Dès son ouverture, la rencontre suscite cependant des doutes sur les résultats dont elle pourra accoucher du fait de l’absence d’un certain nombre d’acteurs de la crise.
Arrivée dimanche à Brazzaville, Catherine Samba Panza, présidente de transition de la Centrafrique, cantonnée dans un rôle de figurante lors de précédents pourparlers de paix, a estimé que le Forum était une «étape importante … pour qu’ensemble on décide de la cessation des hostilités et des violences».
Mais la situation reste toujours volatile dans le pays.

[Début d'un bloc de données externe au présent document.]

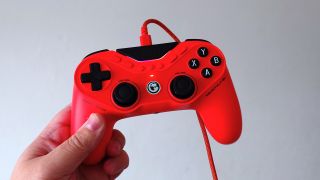 A photo of an orange GameSir Tarantula 8K controller being held in front of a white wall. 
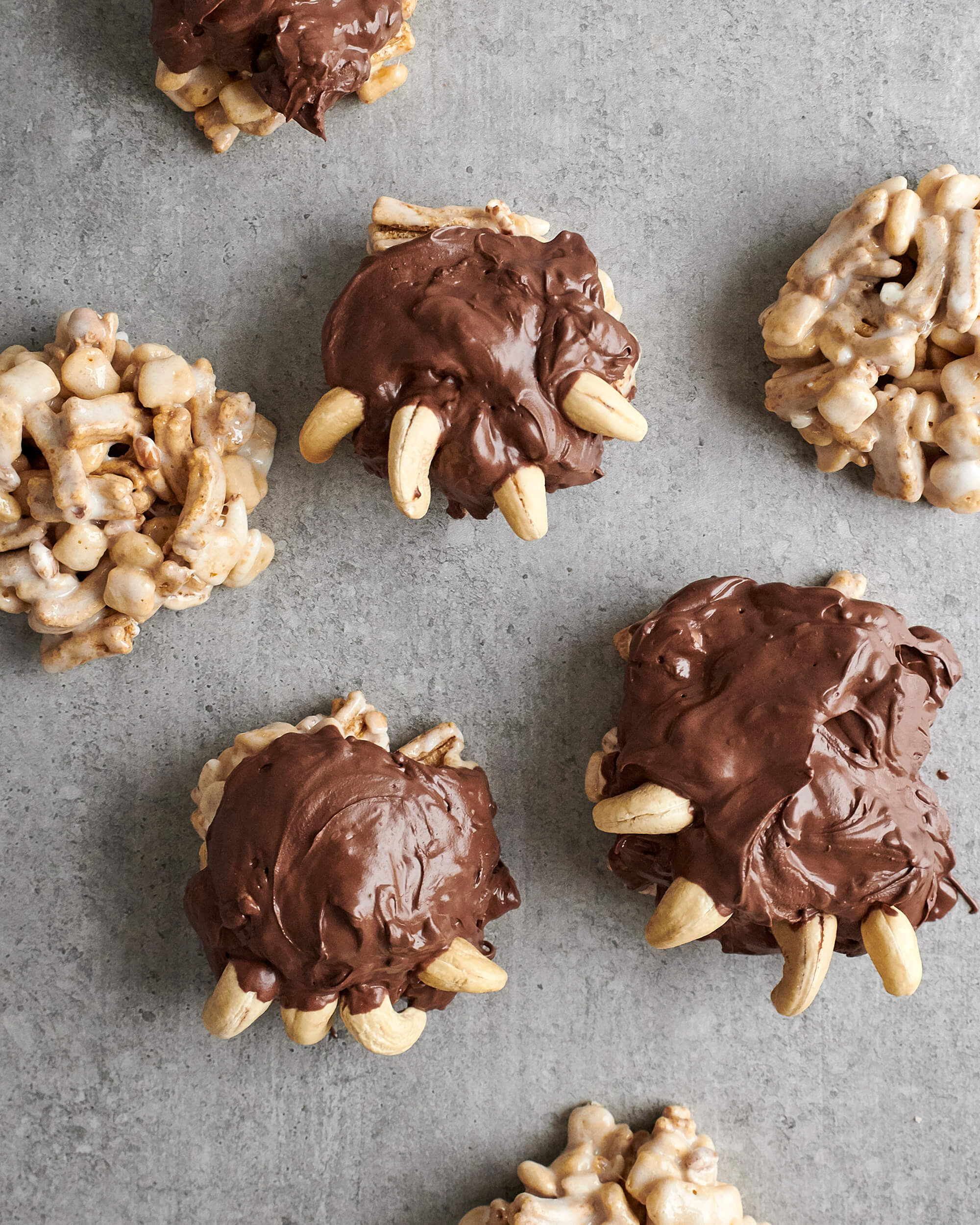 Photo du dessert « pattes de grizzli ». On voit des bouchées de céréales à la guimauve recouvertes de chocolat. Et des noix de Cajou ont été stratégiquement placées pour créer 4 griffes sur chacun de ces bouchées.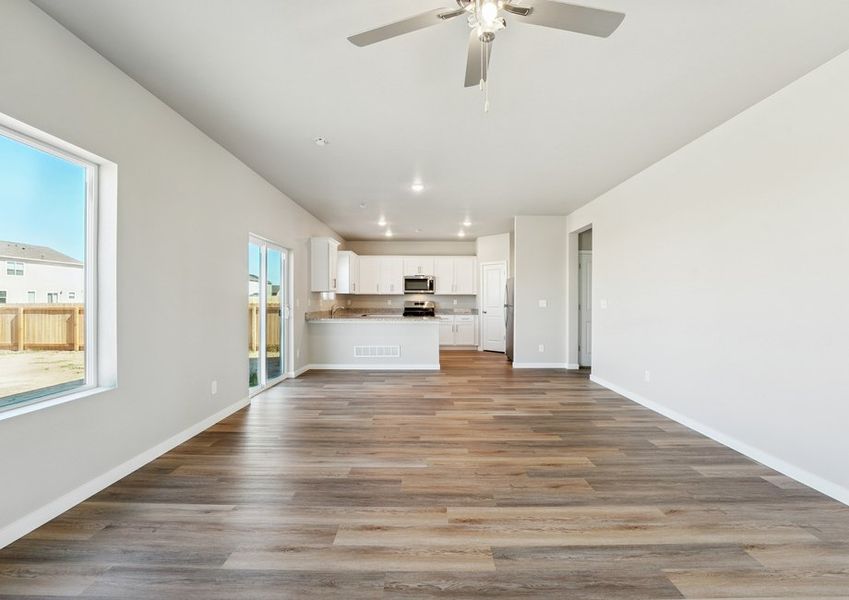 The family room is spacious with a ceiling fan and plank flooring.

Lundi, un ex-combattant de la rébellion Séléka (essentiellement musulmane) a été tué à Bangui par des miliciens anti-balaka (majoritairement chrétiens), a annoncé à l’AFP la Misca, la force africaine en Centrafrique.
En représailles, des ex-Séléka ont pris en otage plusieurs jeunes et ont blessé le père de l’un d’entre eux, selon la même source. Des éléments de la force européenne (Eufor) ont pris position autour du camp de ces Séléka et la Misca a renforcé son dispositif dans le quartier des troubles.
«Tirer les leçons du passé»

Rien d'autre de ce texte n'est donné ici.